Surge entonces la posibilidad de reconectar con otra de sus pasiones. Clara desde siempre estuvo vinculada a la música y al canto. La mamá era música; tenían una orquesta con los cinco hermanos que se llamaba “La Orquesta Roland”. Salían a tocar para “el puchero”. La madre, una adelantada para la época, fundó con una hermana y tres mujeres más una de las primeras orquestas femeninas del país, que se llamó “Orquesta Femenina”. El papá de Clara era el animador.
Con ese historial encima, del que se siente orgullosa, un amigo abogado le dice que se precisaba una voz femenina para un jingle y la pone en contacto con Enrico.
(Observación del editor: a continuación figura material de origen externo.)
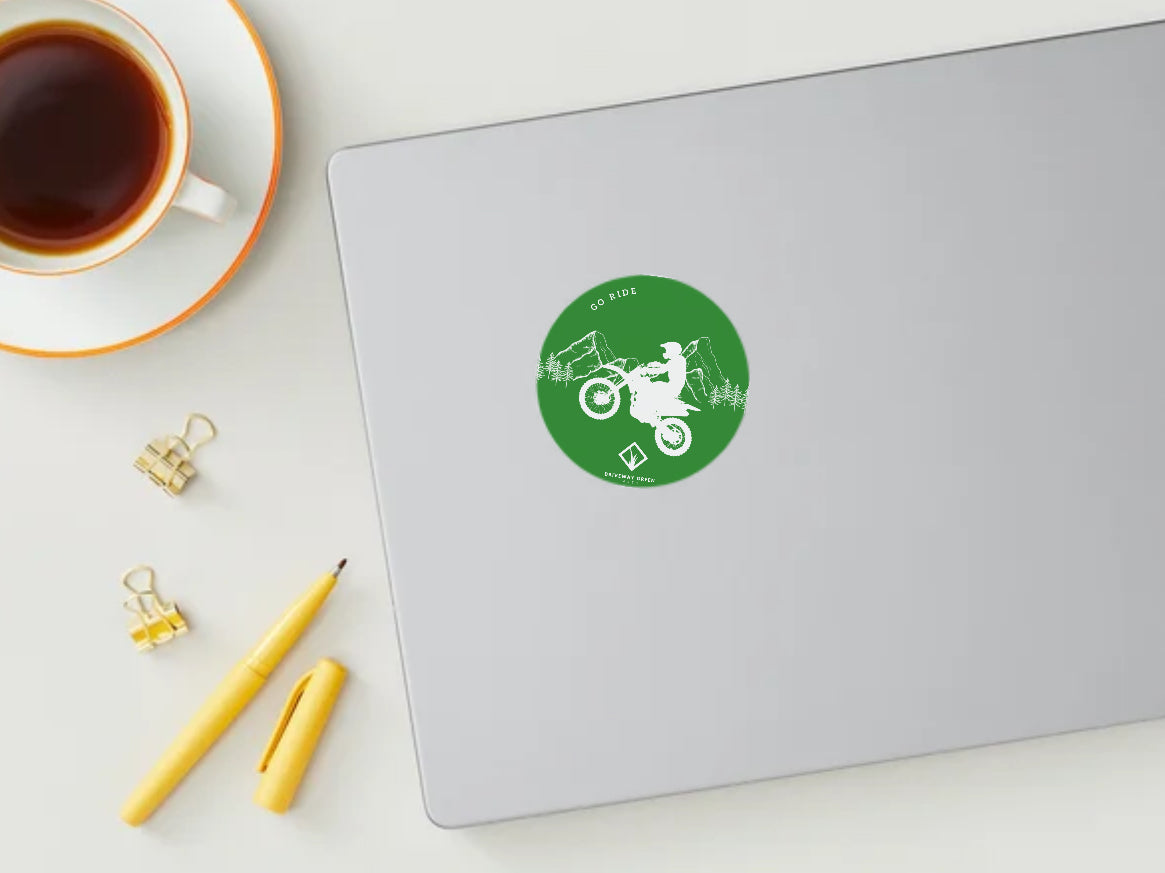 Go Ride Sticker Pack 3”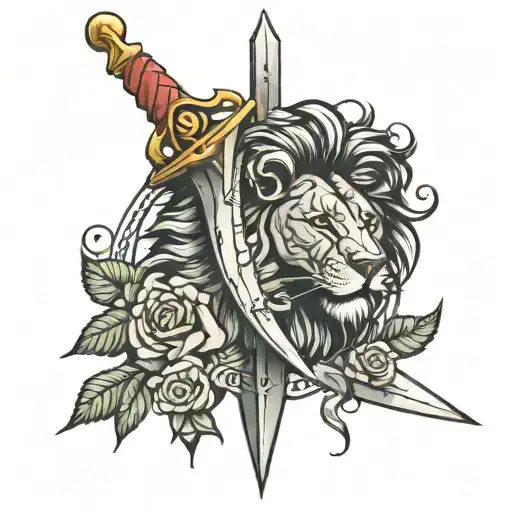 Lion And Sword Rose Made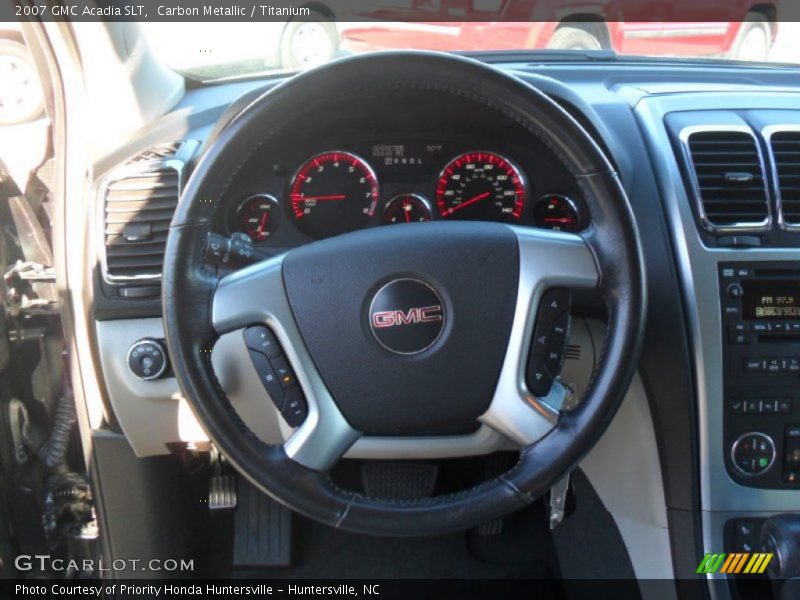 Carbon Metallic / Titanium 2007 GMC Acadia SLT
Ninguno de los dos imaginaría que, años después, la música sería el nexo para el inicio de una historia de amor. Comienzan a hacer música juntos hasta que una vez Clara se subió a un escenario a cantar. Nunca lo había hecho y le encantó. Así surge el amor y, años después, llega el tercer niño.
En el año 98 ingresa a trabajar en la Defensoría de Oficio, donde fue muy feliz, porque allí pudo cumplir aquel sueño primitivo de la ayuda social, sentirse útil socialmente, ayudar a los más desprotegidos y vulnerables. Fue un brutal aprendizaje, profesional, pero sobre todo humano.
A la gente que iba a la Defensoría le encantaba que su abogada cantara, la felicitaban. Era algo así como que su abogada era famosa. Consultada sobre qué instrumentos toca, contesta: “Chapuceo en el piano y rasco un poco la guitarra, es que estoy rodeada de músicos”.
Se jubiló de la Defensoría cuando sintió que se había cumplido un ciclo y, además, siente que hay que dejar que las nuevas generaciones tengan la oportunidad de acceder a esos desafíos. Hoy se dedica al ejercicio liberal de la profesión, parada desde un lugar de bastante privilegio por la experiencia ganada. Sabe cómo acompañar, porque además de la consulta jurídica, se hace mucho más.
Sigue cantando, sigue tocando. Integra un grupo que se llama Alquimia, que se reúne semanalmente. “Desde que estamos con Enrico hacemos música”. Tenían un trío con un amigo con el que se reunían semanalmente; era como una terapia. Cuando ese amigo se va para Montevideo, surge Alquimia. Con los integrantes también se reúnen semanalmente y sigue siendo una instancia de terapia compartida y, por supuesto, de placer.
Ha participado con Durazno Ensamble en el Festival Nacional de Folklore, en el Centro Cultural Teatro Español y en el Pequeño Teatro de Durazno. La banda está integrada por Gustavo Rosano, Gerardo Martínez, Flavio Flores, Flavito Flores, Pablo Delgado, Andrés González Nin (Andy), Rubén y Silvina Rojas, Enrico y ella. Es un disfrute total porque ensambla a gente de distintos lugares y edades; se mezcla la experiencia de músicos grandes con la energía y los bríos de los músicos jóvenes.
Para Clara, lo más importante en su vida es estar con su familia, con Enrico y con los cinco hijos y los nietos, cerca y juntos. Valora mucho a sus amigos, que son de “fierro, que nos acompañan en las buenas y más aún en las otras”. Entre esos amigos que integran sus afectos están aquellos que conoció desde la escuela, con quienes se siguen apoyando, reuniendo y queriendo, y los que se han ido sumando a lo largo de la vida. Constituyen uno de los tesoros más preciados.
Además de la música, le gusta leer, las plantas, los animales, reuniones con amigos en las que el canto, la música y un buen vino están asegurados. Ir a recitales es otro de los placeres que disfruta.
Contundente, afirma que no tiene sueños por cumplir, porque es feliz con la vida que tiene. Su aspiración es seguir rodeada de sus afectos como hasta ahora.
La vida le enseñó que nada viene de regalo y que todo, todo se puede lograr. “No hay que ser perezoso, hay que plantearse objetivos e ir por ellos. Es lo que sentí e hice en mi vida. Siempre hay que buscar la felicidad propia y de los demás”.